This article and survey come from New Energy Update.
Onshore wind participants predict more revenue-sharing, digitalization and multi-project contracts in the operations and maintenance sector while service providers plan to expand spare parts capabilities, a new survey by New Energy Update shows.
Ageing wind fleets, falling technology costs, and increasing competition between power generation technologies have raised the importance of wind operations and maintenance (O&M).
The continuing drive towards lower wind costs has accelerated competition in O&M markets and spurred innovations in O&M contracting.
The importance of O&M costs within the levelized cost of energy (LCOE) can vary widely between wind projects and markets, according to a new survey by New Energy Update.
Some 54% of wind plant owners said that O&M costs account for between 10% and 30% of LCOE, while 12% said O&M costs represent more than 30% of costs.

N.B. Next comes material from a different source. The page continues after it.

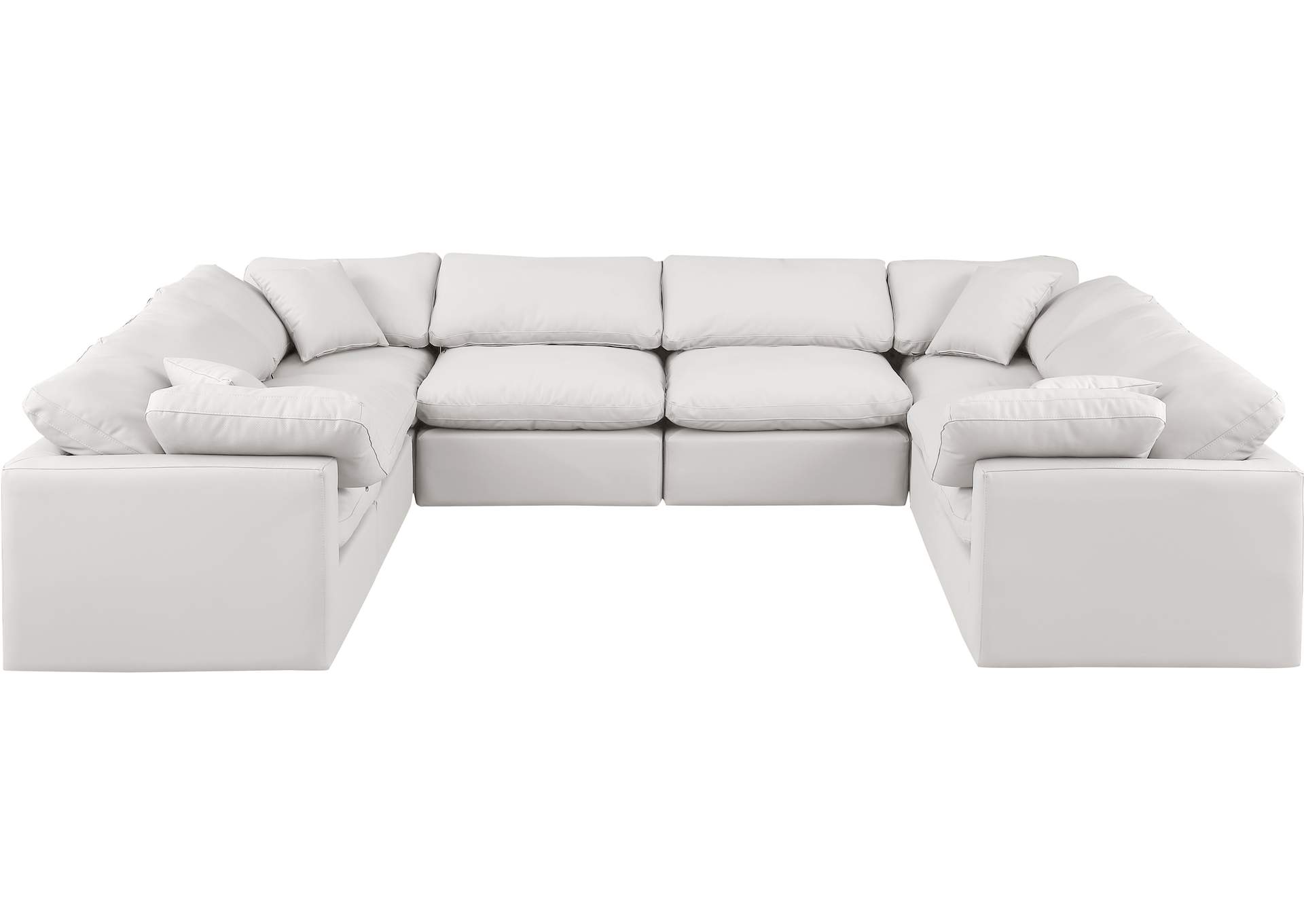 Indulge Cream Faux Leather Modular Sectional,Meridian Furniture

Around 36% said costs represented less than 10% of LCOE. Responses were gathered from 34 asset owners – a further 37 could not provide an estimation.

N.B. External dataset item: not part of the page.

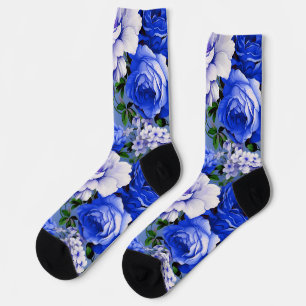Chaussette Fleur de Rose bleu grand rétro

Conducted in March, the survey polled 557 wind industry participants. Around 60% of respondents focused on North America or Europe. Around 20% of respondents focused on Asia and around 15% focused on Africa with the remainder active in South America and Australasia.
Some 46% of owners said they received the bulk of their revenue from turbines operational for less than five years. Around 31% were more active with turbines of between five and 10 years and 23% more active on turbines of over 10 years.
Around 46% of owners estimated onshore wind O&M costs between $20,000 and $30,000 per MW per year but 32% estimated higher O&M costs for their assets, according to the survey.
Indeed, IHS Markit recently warned that despite technology gains and growing operational experience, the North American wind industry faces rising O&M costs in the coming years due to ageing fleets.